Showing posts with label Palestine. Show all posts

22 September 2011

Powerless and Prayerful

The world is spinning maddeningly, dizzyingly off-kilter. Georgia is preparing to execute Troy Davis, a man widely believed to be innocent. Georgia has the legal right to do so because all of the legal formalities have been observed so far and the Supreme Court has never ruled that it is a violation of human or civil rights to execute an innocent person - as long as they have had due process that meets the legal definition. The gulf between legal and moral has never been wider or seemingly more impassable. The state has the legal right, power and authority to kill and seems hell bent on doing so. People are protesting and preying, writing letters, faxes and emails and making phone calls. It remains to be seen whether this will make a difference in Troy's life or in our own.

And frustrated by decades of occupation and failed and floundering peace talks, the Palestinians are ready to appeal to the United Nations to recognize them as a sovereign state. If the UN does so, Israel will immediately be (more) guilty of occupying a sovereign state as opposed to a (merely) disputed territory - as they now justify their presence in the West Bank, East Jerusalem and Gaza under international law. Israel has been exerting pressure on nations to oppose the bid for statehood, most of all the United States which has veto power. President Obama has said that he will veto the Palestinian appeal because the statehood issue needs to be worked out between Israel and Palestine in the peace process. This is the most disingenuous thing I have ever heard him say. The peace process is broken. Israel continues to flout it by building and protecting settlements inside of the Palestinian Territories. Israel has unilaterally rejected the internationally approved boundaries by building a wall on Palestinian land shaping new boundaries in their favor. What peace process? What other options do the Palestinians have? Politically, supporting Israel is more beneficial than sporting the Palestinians. But is is not the right thing to do. The US needs to use its influence with Israel - our money, the billions of dollars we send them every year while we are in a depression (if you're black, brown and poor) - and pressure Israel back to the table for meaningful negotiations and real compromise.

Both of these situations leave me feeling absolutely powerless. And so I pray. I hope.

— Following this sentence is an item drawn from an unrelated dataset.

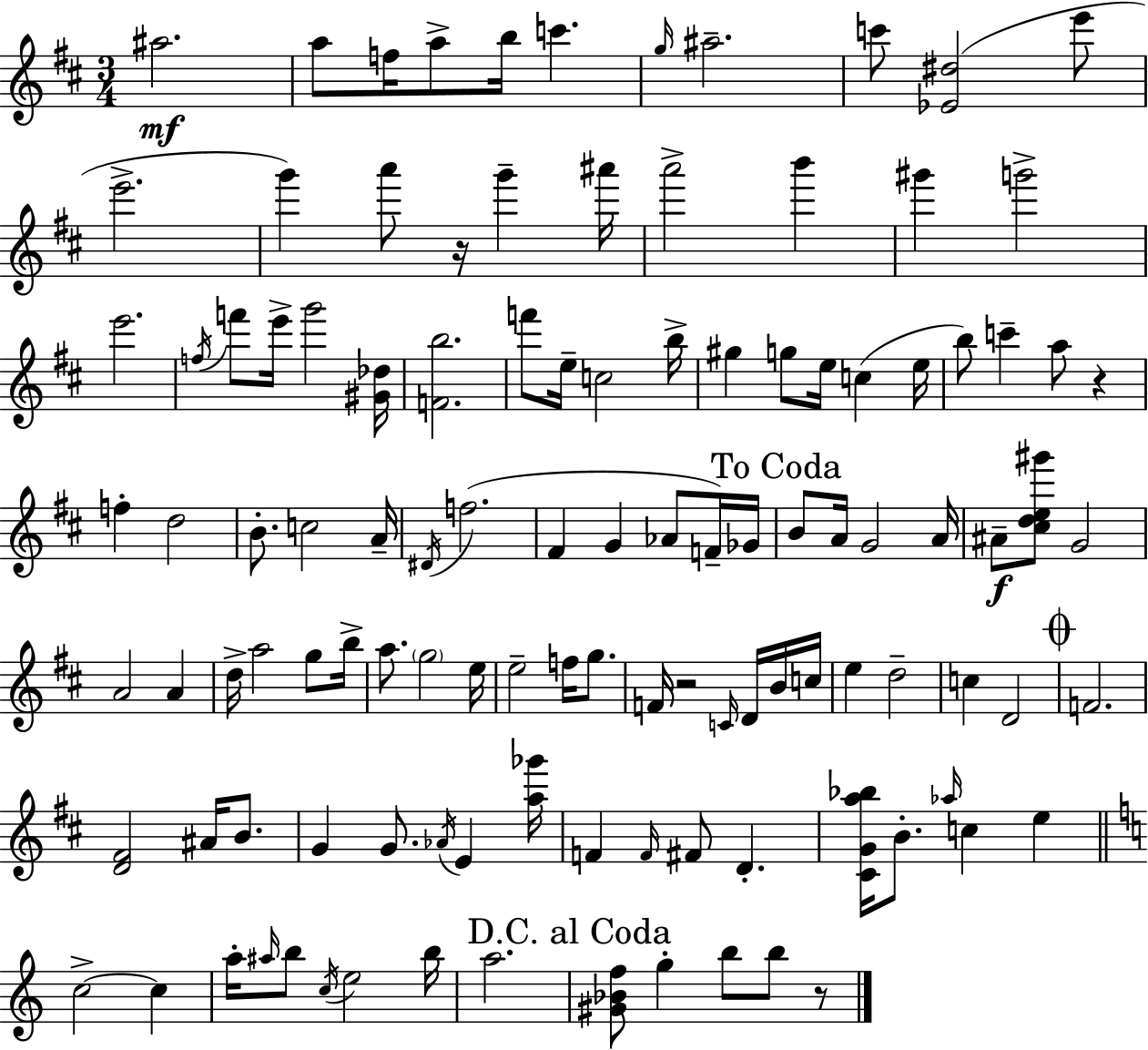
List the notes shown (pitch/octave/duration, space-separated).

I believe.
I pray that even if my prayers are not answered I will still believe in the power of prayer.

17 July 2011

A Jewish State

I have so many questions about the future of Israel and Palestine and hopes for a just and lasting peace. I have these hopes in spite of the questions. Yet the questions are urgent, pressing and unrelenting.
What does it mean to be a Jewish State?
What does it mean for non-Jews to be citizens of a Jewish state?
How are the citizenship and contributions 
of non-Jewish citizens acknowledged and honored in a Jewish state?
Which Judaism is the official Judaism of the Jewish state?
Who decides which Judaism is the official Judaism of the Jewish state?
How is the diversity of Jewishness of citizens acknowledged and honored 
in a Jewish state with a particular designation 
of one type (or sub-set) of Judaism as legitimate and normative?
Can a state be Jewish (religiously or culturally) and democratic?
What happens if (when) a fully enfranchised minority outnumbers the dwindling majority?

02 July 2011

Captive Daughter Zion

The icon that I've brought with me embodies the current Israeli-Palestinian conflict, some of it's historical underpinning and my own angst:

28 June 2011

A One State Solution

Recently I heard a proposal for a one state solution to the Israeli-Palestinian conflict. This Palestinian pastor and scholar called for a whole new paradigm: A single nation-state for all Palestinians, Israeli Jews, Christian and Arabs. A new state with a new name to reflect all its people. A new state with a new song (national anthem) and a new flag.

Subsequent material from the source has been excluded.